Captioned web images
________

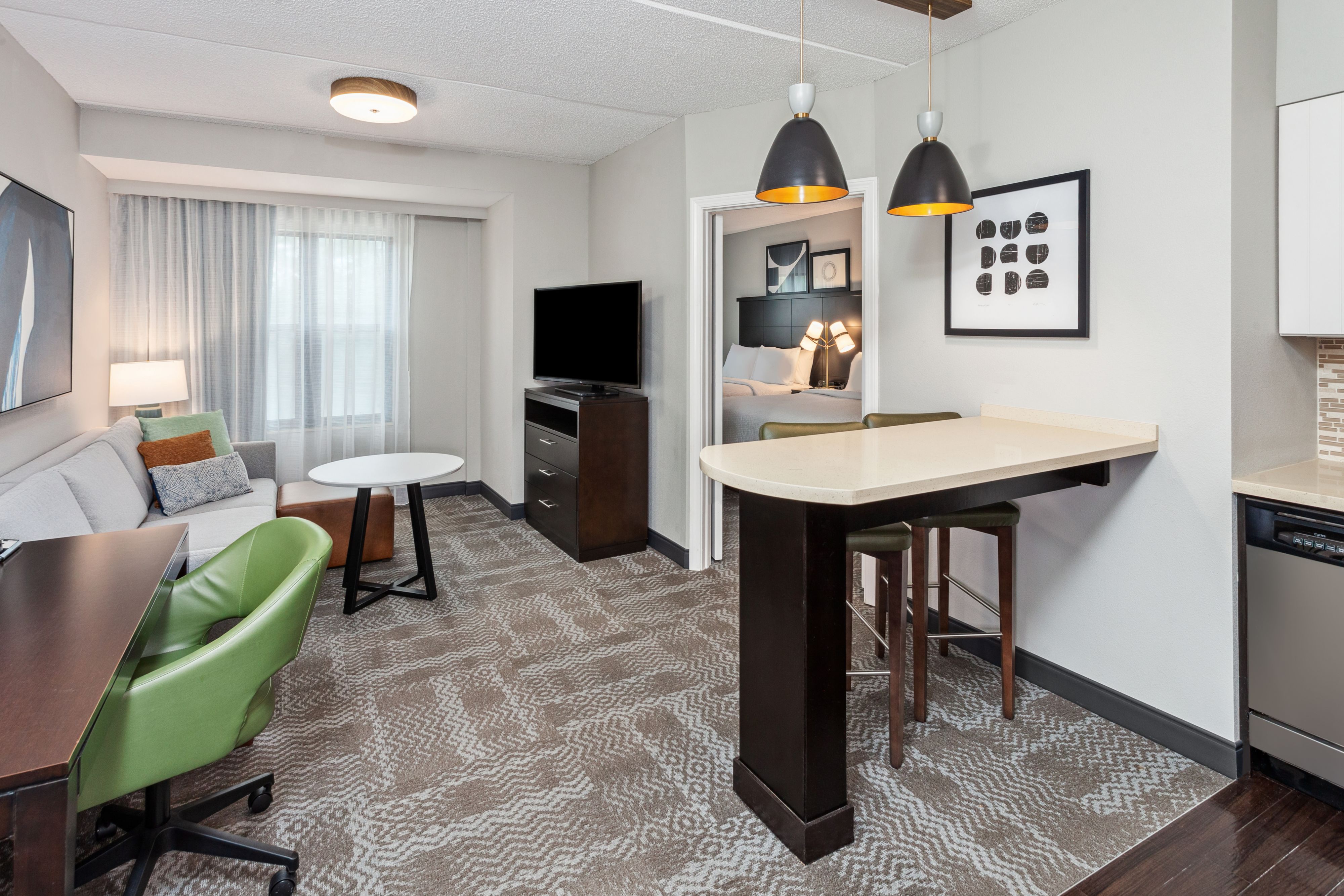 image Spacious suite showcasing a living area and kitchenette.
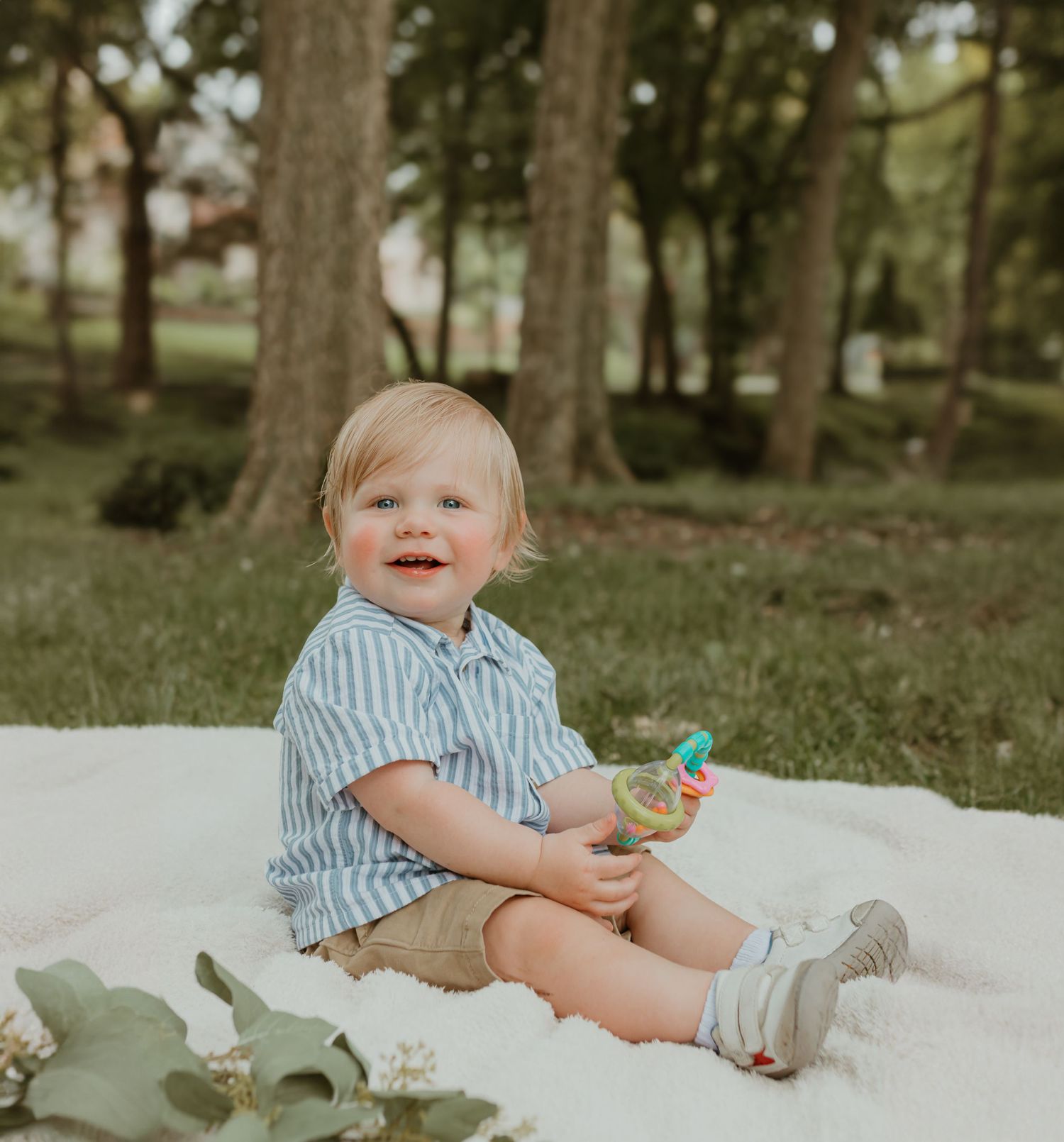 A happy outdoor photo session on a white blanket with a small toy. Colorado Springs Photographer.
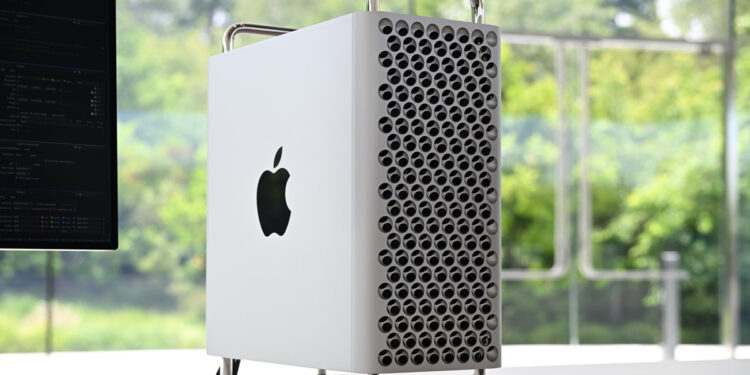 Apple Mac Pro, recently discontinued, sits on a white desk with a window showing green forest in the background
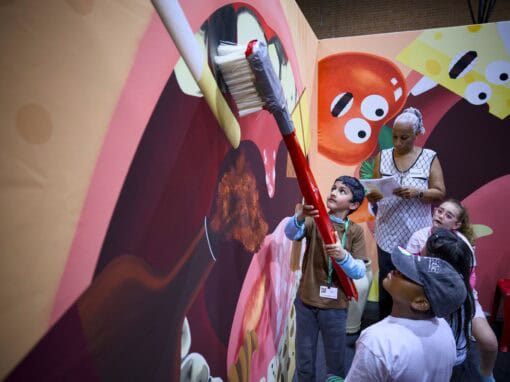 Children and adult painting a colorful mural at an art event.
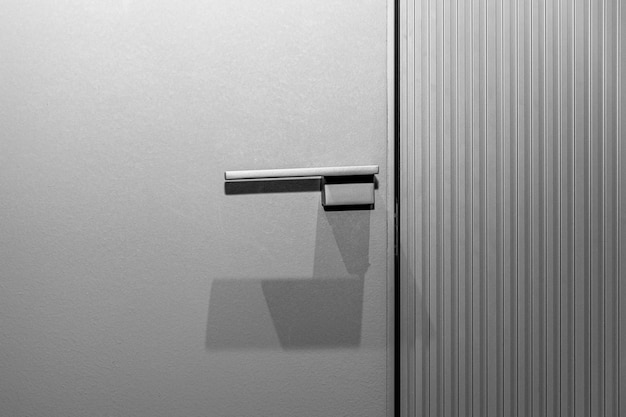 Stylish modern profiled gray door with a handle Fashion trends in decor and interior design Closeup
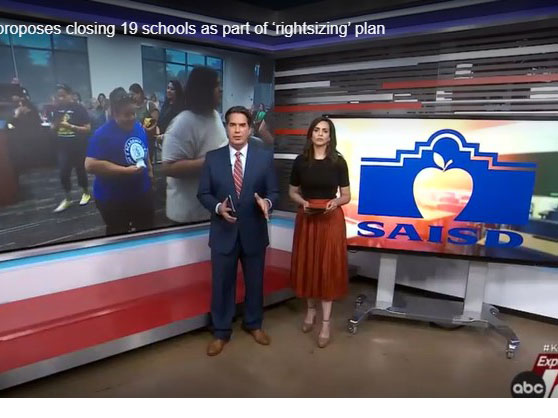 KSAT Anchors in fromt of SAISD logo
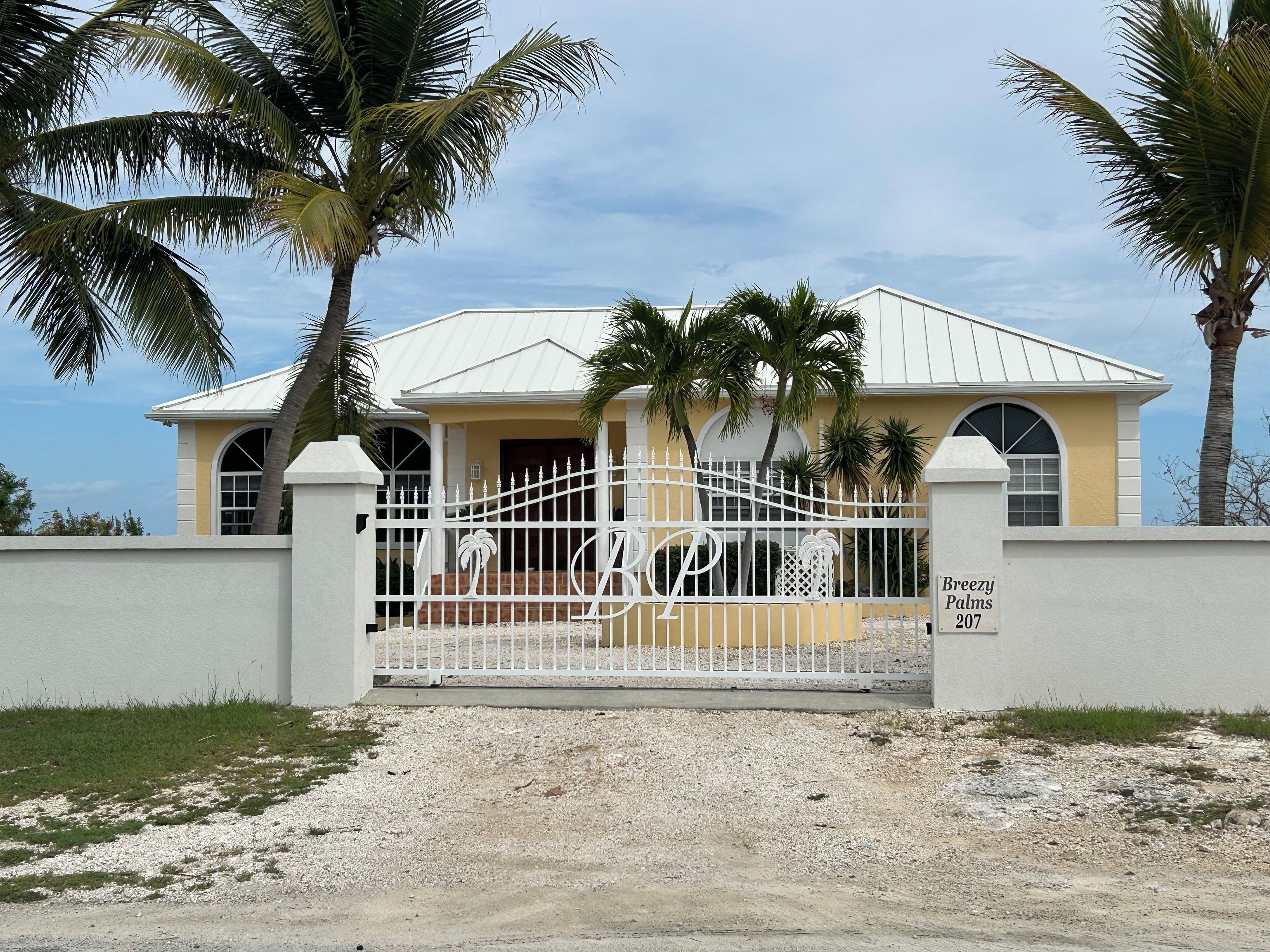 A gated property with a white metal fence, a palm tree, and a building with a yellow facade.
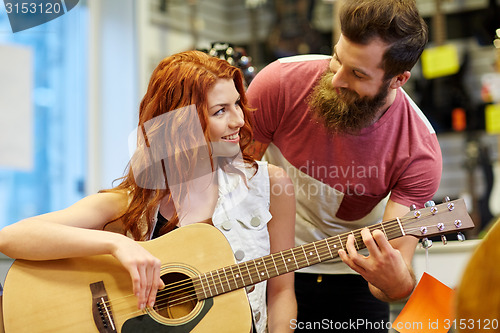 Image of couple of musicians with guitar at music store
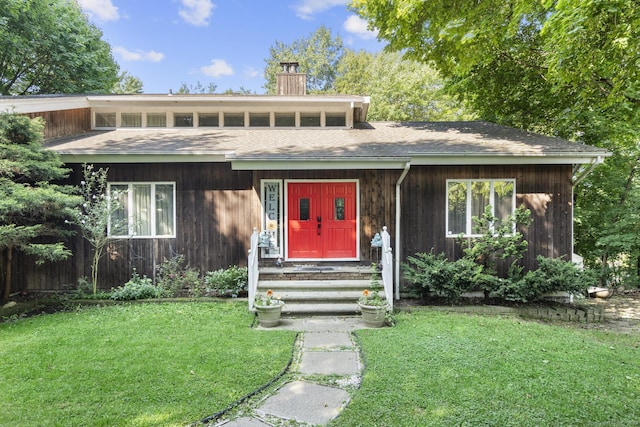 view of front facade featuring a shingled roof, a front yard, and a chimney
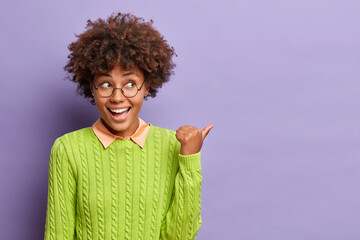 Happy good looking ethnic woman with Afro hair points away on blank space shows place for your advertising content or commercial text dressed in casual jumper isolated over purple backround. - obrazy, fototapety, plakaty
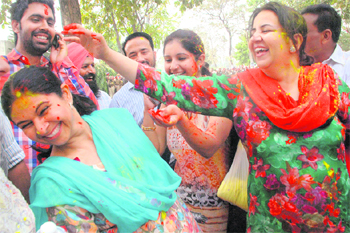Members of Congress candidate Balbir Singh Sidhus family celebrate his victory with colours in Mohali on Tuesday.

________

What you will do — When you copy the data, keep every line exact and leave out each picture.

Your solution —
 image Spacious suite showcasing a living area and kitchenette.
 A happy outdoor photo session on a white blanket with a small toy. Colorado Springs Photographer.
 Apple Mac Pro, recently discontinued, sits on a white desk with a window showing green forest in the background
 Children and adult painting a colorful mural at an art event.
 Stylish modern profiled gray door with a handle Fashion trends in decor and interior design Closeup
 KSAT Anchors in fromt of SAISD logo
 A gated property with a white metal fence, a palm tree, and a building with a yellow facade.
 Image of couple of musicians with guitar at music store
 view of front facade featuring a shingled roof, a front yard, and a chimney
 Happy good looking ethnic woman with Afro hair points away on blank space shows place for your advertising content or commercial text dressed in casual jumper isolated over purple backround. - obrazy, fototapety, plakaty
Members of Congress candidate Balbir Singh Sidhus family celebrate his victory with colours in Mohali on Tuesday.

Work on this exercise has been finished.